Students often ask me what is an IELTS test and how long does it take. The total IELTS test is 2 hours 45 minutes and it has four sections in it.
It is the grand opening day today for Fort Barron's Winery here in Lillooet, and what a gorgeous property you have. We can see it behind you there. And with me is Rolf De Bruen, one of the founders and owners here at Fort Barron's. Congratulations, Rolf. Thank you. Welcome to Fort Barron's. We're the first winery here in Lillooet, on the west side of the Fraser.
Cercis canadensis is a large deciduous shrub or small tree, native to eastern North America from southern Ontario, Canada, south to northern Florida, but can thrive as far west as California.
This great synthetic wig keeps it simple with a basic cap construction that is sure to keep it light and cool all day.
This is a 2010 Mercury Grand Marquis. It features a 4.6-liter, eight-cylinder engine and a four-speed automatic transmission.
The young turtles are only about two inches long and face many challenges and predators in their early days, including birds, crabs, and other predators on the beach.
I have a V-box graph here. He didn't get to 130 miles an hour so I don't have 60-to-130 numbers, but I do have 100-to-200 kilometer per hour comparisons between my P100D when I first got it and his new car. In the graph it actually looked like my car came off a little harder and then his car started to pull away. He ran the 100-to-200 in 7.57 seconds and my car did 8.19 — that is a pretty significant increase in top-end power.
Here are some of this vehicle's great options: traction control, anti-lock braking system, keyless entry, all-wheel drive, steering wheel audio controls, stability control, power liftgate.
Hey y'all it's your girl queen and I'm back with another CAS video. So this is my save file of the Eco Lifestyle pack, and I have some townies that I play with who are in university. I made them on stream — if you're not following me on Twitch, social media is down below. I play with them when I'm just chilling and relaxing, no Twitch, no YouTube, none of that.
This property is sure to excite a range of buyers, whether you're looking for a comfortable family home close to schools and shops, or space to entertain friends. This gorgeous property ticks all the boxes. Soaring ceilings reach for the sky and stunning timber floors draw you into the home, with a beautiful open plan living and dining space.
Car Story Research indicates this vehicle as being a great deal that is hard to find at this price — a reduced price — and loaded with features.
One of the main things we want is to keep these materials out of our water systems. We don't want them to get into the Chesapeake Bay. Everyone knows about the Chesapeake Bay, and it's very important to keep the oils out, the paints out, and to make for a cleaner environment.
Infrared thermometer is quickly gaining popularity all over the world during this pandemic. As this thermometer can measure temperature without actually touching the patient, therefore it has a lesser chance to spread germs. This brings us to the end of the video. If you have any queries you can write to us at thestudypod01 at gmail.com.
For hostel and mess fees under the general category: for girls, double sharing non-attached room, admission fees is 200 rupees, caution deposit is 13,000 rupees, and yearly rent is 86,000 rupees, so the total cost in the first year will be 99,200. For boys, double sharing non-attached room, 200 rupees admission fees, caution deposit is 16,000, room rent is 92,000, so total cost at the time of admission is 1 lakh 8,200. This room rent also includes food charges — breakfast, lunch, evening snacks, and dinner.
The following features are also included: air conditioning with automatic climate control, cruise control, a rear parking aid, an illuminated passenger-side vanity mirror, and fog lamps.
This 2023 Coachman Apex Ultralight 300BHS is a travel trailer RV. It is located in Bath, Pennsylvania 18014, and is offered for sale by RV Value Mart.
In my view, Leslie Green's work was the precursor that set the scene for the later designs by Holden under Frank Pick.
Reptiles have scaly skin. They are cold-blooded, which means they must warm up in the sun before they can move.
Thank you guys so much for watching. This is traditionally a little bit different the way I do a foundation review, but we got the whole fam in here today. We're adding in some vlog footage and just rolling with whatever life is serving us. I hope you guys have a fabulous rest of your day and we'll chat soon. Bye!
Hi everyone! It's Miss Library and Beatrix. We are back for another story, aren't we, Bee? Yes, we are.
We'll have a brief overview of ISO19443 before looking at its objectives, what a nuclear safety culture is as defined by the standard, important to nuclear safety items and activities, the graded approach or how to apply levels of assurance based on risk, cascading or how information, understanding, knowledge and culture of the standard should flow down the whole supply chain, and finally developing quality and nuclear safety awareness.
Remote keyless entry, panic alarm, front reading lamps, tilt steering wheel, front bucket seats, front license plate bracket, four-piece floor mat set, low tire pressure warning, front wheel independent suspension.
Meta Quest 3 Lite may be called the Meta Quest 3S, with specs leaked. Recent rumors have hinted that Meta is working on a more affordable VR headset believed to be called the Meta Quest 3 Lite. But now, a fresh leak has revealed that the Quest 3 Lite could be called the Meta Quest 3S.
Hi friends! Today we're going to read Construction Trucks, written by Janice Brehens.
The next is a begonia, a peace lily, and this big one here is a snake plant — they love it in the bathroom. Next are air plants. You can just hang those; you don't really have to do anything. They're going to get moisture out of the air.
────────────────────────────────────────
# EXERCISE REQUIREMENTS
Produce a word-for-word copy of everything above from the line holding "Car Story Research" down to the line holding "One of the main", with both of those lines kept.

# ANSWER SPACE
Car Story Research indicates this vehicle as being a great deal that is hard to find at this price — a reduced price — and loaded with features.
One of the main things we want is to keep these materials out of our water systems. We don't want them to get into the Chesapeake Bay. Everyone knows about the Chesapeake Bay, and it's very important to keep the oils out, the paints out, and to make for a cleaner environment.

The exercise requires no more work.